La position de Villeneuve-de-Berg est, semble-t-il, intermédiaire. La situation minoritaire ne débouche pas, comme on aurait pu l’imaginer, sur un alignement complet sur le comportement des catholiques dans les années 1650. A cela, il y a peut-être une explication : les réformés de Villeneuve-de-Berg se rattachent, à partir de 1668, à d’autres Eglises, celle du Pradel puis celle de Lagorce. Ils y retrouvent une communauté vivant en position majoritaire qui est en mesure de les conforter dans leur foi. Toutefois l’explication de cette réduction de l’intervalle naissance-décès par une obéissance aux injonctions des synodes ne semble pas pouvoir être complètement retenue. En effet les absences répétées de la communauté réformée aux synodes sont plutôt le signe d’une faible confessionnalisation. D’autre part, la pression du clergé catholique de Villeneuve-de-Berg ne semble pas très forte. Certes le curé fait signifier l’interdiction du culte de fief à Constantin de Serrre, seigneur du Pradel ; mais en même temps les fidèles catholiques respectent peu les temps clos, la courbe des conceptions 255 nous l’a montré, nous avons constaté également le retard des prêtres dans l’application des normes tridentines à propos du mariage, autant de faits qui témoignent d’un contrôle encore incomplet du clergé sur les fidèles. La faiblesse numérique des réformés de Villeneuve-de-Berg a peut-être aussi été leur chance, car ils ne sont pas identifiés comme une menace réelle pour les catholiques. Enfin, les rares signes d’une sociabilité interconfessionnelle au XVIIe siècle apparaissent à Villeneuve-de-Berg. En 1685, à l’occasion d’un procès entre un réformé et le procureur du roi, des solidarités se manifestent entre notables des différentes confessions. L’affaire nous apprend que dans les années qui précèdent la Révocation, Nicolas Jeune, chirurgien, et Jacques Bergougnan un notable catholique avaient l’habitude de se retrouver et étaient devenus des amis. 256 Toutefois la situation évolue, la réduction permanente de l’intervalle dans les années 1660-1680 est le signe que la contrainte existe sans doute également.

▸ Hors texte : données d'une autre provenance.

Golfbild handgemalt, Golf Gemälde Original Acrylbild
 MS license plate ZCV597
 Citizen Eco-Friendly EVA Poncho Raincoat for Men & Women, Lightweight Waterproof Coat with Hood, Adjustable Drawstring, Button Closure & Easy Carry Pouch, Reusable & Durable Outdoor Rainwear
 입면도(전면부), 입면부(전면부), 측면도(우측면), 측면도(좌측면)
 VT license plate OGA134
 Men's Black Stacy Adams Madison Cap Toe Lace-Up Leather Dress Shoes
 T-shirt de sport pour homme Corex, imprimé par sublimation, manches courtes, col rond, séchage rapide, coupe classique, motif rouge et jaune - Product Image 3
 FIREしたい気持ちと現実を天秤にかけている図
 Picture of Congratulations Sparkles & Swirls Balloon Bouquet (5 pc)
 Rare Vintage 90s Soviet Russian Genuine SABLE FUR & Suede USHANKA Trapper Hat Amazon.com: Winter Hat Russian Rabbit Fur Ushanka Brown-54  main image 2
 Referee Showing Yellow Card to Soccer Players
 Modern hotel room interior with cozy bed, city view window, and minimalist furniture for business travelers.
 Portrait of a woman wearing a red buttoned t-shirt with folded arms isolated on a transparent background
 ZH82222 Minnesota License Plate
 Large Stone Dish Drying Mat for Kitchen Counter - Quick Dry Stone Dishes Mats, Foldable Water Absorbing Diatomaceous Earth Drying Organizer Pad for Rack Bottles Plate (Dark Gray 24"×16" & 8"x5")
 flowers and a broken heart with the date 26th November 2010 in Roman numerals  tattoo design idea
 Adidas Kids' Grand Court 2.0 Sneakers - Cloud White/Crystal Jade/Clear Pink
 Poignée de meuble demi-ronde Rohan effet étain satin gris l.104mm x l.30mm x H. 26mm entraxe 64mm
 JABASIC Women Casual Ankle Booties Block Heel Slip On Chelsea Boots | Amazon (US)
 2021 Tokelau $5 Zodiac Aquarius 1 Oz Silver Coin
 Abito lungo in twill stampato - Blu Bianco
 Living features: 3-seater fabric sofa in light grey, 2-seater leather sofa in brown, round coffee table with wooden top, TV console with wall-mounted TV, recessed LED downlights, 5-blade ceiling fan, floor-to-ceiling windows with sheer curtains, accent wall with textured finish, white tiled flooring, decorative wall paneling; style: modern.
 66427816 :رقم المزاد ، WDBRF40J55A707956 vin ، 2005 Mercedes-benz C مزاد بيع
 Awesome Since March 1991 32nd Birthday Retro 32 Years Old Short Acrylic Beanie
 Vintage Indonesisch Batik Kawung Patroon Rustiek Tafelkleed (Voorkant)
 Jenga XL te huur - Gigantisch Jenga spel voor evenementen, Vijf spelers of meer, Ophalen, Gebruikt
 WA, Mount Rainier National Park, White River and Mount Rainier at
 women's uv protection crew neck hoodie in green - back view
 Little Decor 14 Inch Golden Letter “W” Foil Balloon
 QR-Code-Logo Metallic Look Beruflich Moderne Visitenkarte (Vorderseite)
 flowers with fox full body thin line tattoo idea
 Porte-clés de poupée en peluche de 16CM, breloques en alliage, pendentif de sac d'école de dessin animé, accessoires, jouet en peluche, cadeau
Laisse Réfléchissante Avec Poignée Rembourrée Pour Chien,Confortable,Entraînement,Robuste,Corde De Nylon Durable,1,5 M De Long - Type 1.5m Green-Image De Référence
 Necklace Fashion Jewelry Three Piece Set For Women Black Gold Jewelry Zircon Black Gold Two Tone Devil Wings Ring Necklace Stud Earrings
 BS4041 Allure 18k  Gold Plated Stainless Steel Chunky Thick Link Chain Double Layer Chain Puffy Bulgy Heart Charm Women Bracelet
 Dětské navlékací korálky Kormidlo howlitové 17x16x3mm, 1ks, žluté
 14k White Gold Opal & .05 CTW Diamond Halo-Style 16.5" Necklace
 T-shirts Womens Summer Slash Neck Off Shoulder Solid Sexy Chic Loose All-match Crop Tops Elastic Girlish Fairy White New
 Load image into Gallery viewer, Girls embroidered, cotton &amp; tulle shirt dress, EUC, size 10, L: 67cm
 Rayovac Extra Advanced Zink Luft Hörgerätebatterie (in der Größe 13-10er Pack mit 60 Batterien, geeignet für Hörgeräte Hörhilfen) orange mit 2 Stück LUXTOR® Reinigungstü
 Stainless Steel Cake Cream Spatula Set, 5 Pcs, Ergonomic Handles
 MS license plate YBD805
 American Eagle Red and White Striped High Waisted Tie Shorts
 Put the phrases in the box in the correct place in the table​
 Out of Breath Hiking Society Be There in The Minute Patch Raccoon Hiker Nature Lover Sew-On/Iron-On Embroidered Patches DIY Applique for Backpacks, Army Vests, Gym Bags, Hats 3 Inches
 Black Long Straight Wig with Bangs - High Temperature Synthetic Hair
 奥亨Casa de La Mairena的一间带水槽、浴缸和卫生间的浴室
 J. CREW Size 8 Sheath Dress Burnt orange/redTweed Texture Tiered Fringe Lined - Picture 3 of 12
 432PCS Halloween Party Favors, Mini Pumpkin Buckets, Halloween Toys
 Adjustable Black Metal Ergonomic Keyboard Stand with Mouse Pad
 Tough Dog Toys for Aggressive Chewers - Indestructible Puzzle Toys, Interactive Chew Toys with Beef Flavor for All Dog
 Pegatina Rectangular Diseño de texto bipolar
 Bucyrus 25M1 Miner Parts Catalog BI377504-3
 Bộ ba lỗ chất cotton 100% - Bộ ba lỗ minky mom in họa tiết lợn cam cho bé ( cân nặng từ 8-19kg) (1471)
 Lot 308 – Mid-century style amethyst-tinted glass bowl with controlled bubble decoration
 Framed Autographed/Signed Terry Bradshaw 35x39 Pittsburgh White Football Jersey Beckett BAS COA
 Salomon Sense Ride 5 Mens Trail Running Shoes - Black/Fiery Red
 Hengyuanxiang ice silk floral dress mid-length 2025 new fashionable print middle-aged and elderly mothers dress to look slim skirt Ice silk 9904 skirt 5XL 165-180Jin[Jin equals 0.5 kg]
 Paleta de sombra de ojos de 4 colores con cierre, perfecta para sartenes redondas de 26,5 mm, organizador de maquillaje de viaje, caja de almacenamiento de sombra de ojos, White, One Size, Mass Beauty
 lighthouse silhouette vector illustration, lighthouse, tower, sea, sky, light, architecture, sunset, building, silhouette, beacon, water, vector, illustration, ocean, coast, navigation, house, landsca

L’absence de données pour les catholiques rend cependant délicate l’interprétation.

Notes
248.

Voir la partie inférieure du tableau 25.

249.

Voir tableau 25.

250.

Suze (Mgr), Instructions sur les matières de controverse, Viviers, 1685, p 56.

251.

Au XVIIIe siècle, les réformés annonéens, en position minoritaire et alors que les persécutions sont terminées, choisissent de conserver leur religion mais d’adopter le baptême catholique. On retrouve le même mélange de pratiques empruntées à l’autre confession.

252.

Voir graphique n° 7.

253.

Voir graphique n° 9.

254.

S. Mours, « La vie synodale en Vivarais » B.S.H.P.F., Paris, 1946, p. 55-103.

255.

Voir graphique n° 13.

256.

ADA 25 B 9, 10/03/1685, registres de la justice royale de Villeneuve-de-Berg.